Wo sind all die Eier hin?
- Hero Wantage
- 28. März 2024
- 5 Min. Lesezeit
Kleine Geschichte zu Ostern
Wettringen, im Jahre des Herrn 1978
Ich wurde in diesem Jahr 11 Jahre alt, aber noch war ich zehn.
Und wie üblich verbrachte unsere Familie die Ferien auf unserem "Bauernhof" bei Wettringen.
Aber es war etwas anders als sonst.
Da wir an den Wochenenden nicht immer Zeit hatten, d.h. mein Vater konnte sich nicht als selbstständiger Tischlermeister ständig aus seiner Firma loseisen, um mit uns auf den Hof zu fahren, hatten wir den größten Teil davon untervermietet.
Wir wohnten dann, wenn wir da waren, in einem kleineren Teil des Hofes, einem restaurierten ehemaligen Tiefstall.
Aber für mich und meine Schwester war das toll, denn mein Vater hatte das große Haupthaus an eine Familie mit ACHT Kindern vermietet!

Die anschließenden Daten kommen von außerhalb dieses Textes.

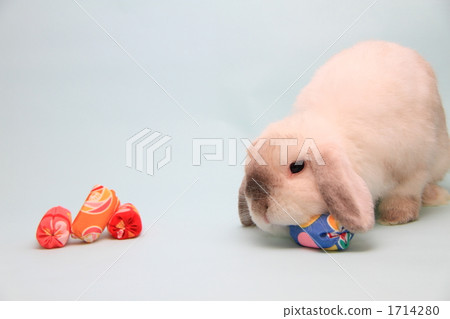 Rabbits and bowls 1714280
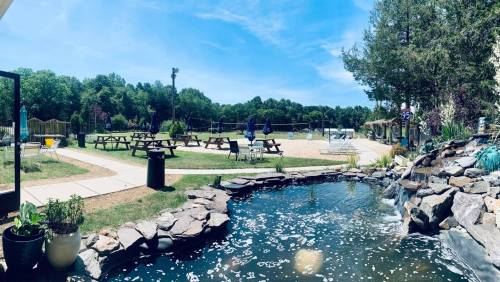 A sunny outdoor area with picnic tables, a volleyball court, and a pond surrounded by greenery.
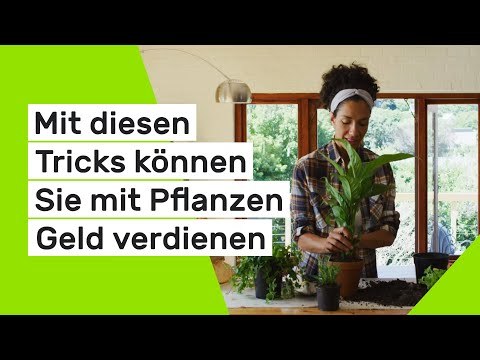 Mit diesen Tricks können Sie mit Pflanzen Geld verdienen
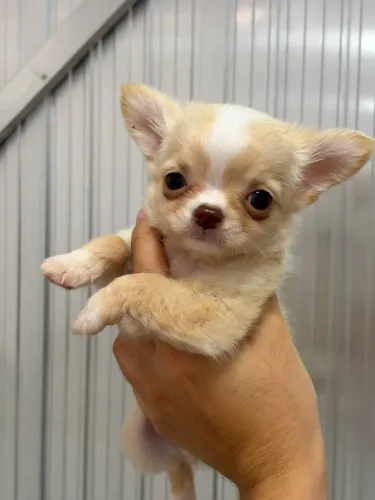 chihuahua creme macho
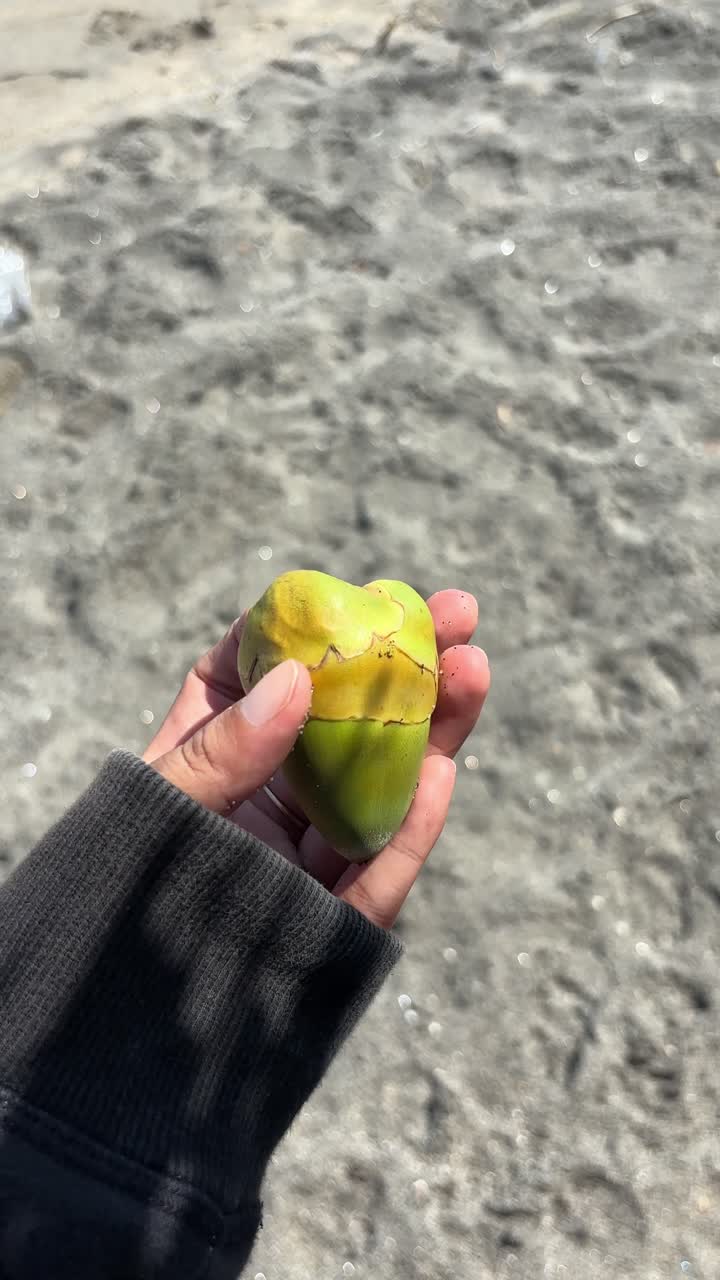 Mão Segurando uma Pequena Fruta Tropical Verde em Forma de Coração na Praia.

Wir hatten also eine Unmenge an Spielkameraden.
Das beste daran war aber, dass der jüngste, ein Junge, gerade mal ein Jahr alt war, und der Älteste achtzehn.
Alles dazwischen waren MÄDELS?
Geil!
So war auch schnell abgemacht, wer mit wem beste Freundin war und wer das Nachsehen hatte. Das gab oft ne Klopperei.
Klar, alle wollten wir miteinander spielen, aber auch als beste Freundin Geheimnisse tauschen. Und an einem Wochenende hatten meine beste Freundin aus dieser Familie, Anna ( Name geändert) und ich etwas ganz besonders vor.
Es war gerade Ende März und noch saukalt. Aber Anna und ich wollten unbedingt zelten.
Wir sahen das als einzige Möglichkeit, dem MOB aus anderen Familienmitgliedern zu entkommen.
Erst gab es ein rigoros NEIN aus dem Mund meiner Mutter.
Mein Vater brummelte nur.
Und dann war da noch ein kleines Problem, wir hatten kein passendes Zelt?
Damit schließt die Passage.